> Problem details
Go through the records and extract every line with the word "Brown".

> Data for the task
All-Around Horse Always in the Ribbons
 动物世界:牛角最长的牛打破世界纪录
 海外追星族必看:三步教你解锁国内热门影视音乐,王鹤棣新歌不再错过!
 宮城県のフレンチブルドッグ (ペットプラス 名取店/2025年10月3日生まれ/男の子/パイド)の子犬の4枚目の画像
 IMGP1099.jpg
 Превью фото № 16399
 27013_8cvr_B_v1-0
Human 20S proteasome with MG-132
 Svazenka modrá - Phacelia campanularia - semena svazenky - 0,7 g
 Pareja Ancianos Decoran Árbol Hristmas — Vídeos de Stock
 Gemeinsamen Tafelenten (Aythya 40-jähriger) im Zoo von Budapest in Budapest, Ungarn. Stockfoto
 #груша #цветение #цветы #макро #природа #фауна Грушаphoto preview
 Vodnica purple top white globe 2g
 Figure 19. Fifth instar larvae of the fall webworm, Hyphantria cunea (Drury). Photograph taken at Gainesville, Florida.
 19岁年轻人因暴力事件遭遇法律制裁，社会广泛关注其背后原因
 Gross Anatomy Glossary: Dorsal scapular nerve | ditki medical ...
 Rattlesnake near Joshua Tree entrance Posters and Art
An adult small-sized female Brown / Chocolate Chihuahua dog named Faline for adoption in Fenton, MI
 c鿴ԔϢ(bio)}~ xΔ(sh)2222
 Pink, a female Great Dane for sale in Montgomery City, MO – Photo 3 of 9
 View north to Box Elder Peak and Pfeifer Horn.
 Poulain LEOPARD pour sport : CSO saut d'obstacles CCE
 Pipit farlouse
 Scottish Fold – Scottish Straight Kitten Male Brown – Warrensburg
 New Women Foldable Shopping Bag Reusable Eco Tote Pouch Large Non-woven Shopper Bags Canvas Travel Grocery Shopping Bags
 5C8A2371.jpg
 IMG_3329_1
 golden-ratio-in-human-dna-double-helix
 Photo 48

> Task result
An adult small-sized female Brown / Chocolate Chihuahua dog named Faline for adoption in Fenton, MI
 Scottish Fold – Scottish Straight Kitten Male Brown – Warrensburg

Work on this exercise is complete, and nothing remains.